*Activity*:
Reproduce every line of the data, exactly and without its pictures.

*Dataset excerpt*:
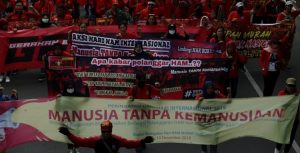 Peringati Hari HAM Internasional, Mahasiswa dan Buruh Aksi di Depan Istana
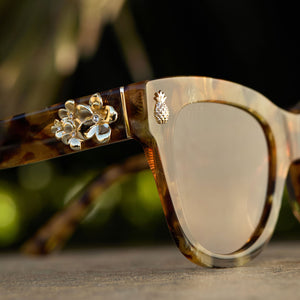 the white lotus x diff eyewear featuring the hawaii cat eye sunglasses with pineapple hardware and flower hardware zoomed in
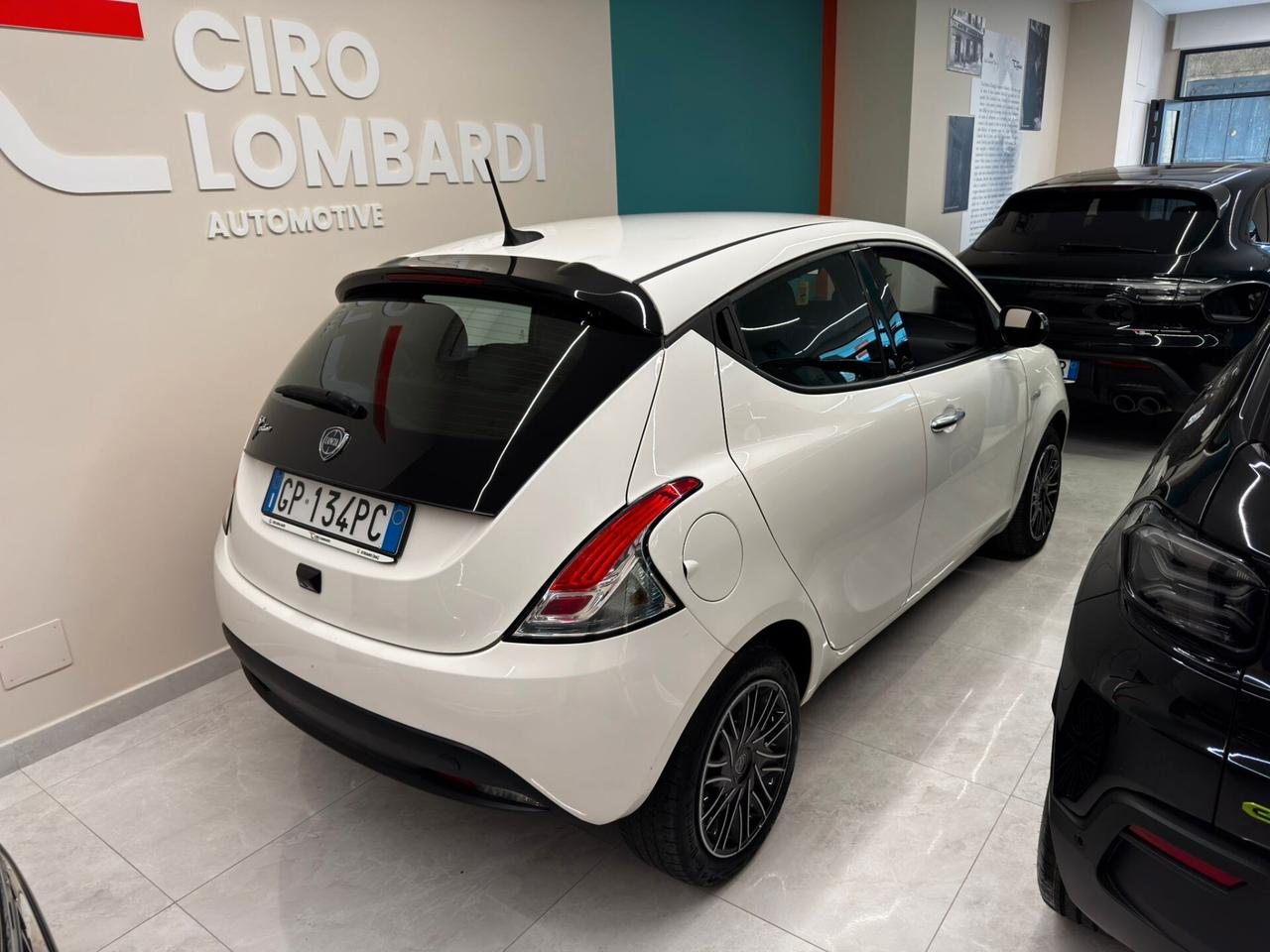 Lancia Ypsilon 1.0 FireFly 70 cv Hybrid Gold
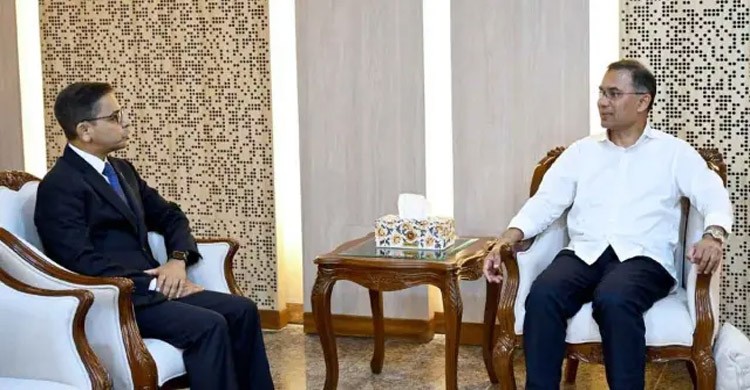 প্রধানমন্ত্রীর সঙ্গে ভারতীয় হাইকমিশনার প্রণয় ভার্মার বিদায়ী সাক্ষাৎ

*Response to this task*:
 Peringati Hari HAM Internasional, Mahasiswa dan Buruh Aksi di Depan Istana
 the white lotus x diff eyewear featuring the hawaii cat eye sunglasses with pineapple hardware and flower hardware zoomed in
 Lancia Ypsilon 1.0 FireFly 70 cv Hybrid Gold
 প্রধানমন্ত্রীর সঙ্গে ভারতীয় হাইকমিশনার প্রণয় ভার্মার বিদায়ী সাক্ষাৎ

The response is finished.